Who is going to get sued if they get hurt there? Him. Who is gonna get sued if one of his tenants gets hurt because of people trespassing? Him. Who is gonna have to pay for the damages of people tromping through/extra groundskeeping/having to clean up when even less thoughtful people litter/etc.? Him.
I kinda can't help but empathize with this guy. We have two empty house lots (that now need to stay that way, thanks nature! Long story.) that we used to let the neighborhood kids play in for over thirty years, because that was just being neighborly. Until a whole lot of entitled parents decided it wasn't their fault when the kids broke my folks' windows playing, ripped up stuff my mom had spent hundreds of dollars planting, and started insisting the folks improve/add shit to the field to make it safer for their kids to play there.
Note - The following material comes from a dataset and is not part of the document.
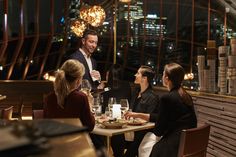 a group of people sitting around a table eating food and drinking wine in a restaurant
Yeah. People who wouldn't even fix the shit they broke were demanding the people who were being generous and nice should be the ones to lay out more money so they could continue to be taken advantage of. Like my retired, elderly, broke-ass parents are going to walk the property every two days looking for gopher holes to fill or pay a landscaper to fix so their kids can play on it and continue ripping the place up? I don't think so. (You would have loved the looks on people's faces when my father -- who is admittedly clueless -- suggested, "Why don't you just have the kids tell us if they find a hole, or one of the older kids can fill it in before they start playing?" You would think he'd suggested filling the hole with one of the little kids' dismembered bodies.)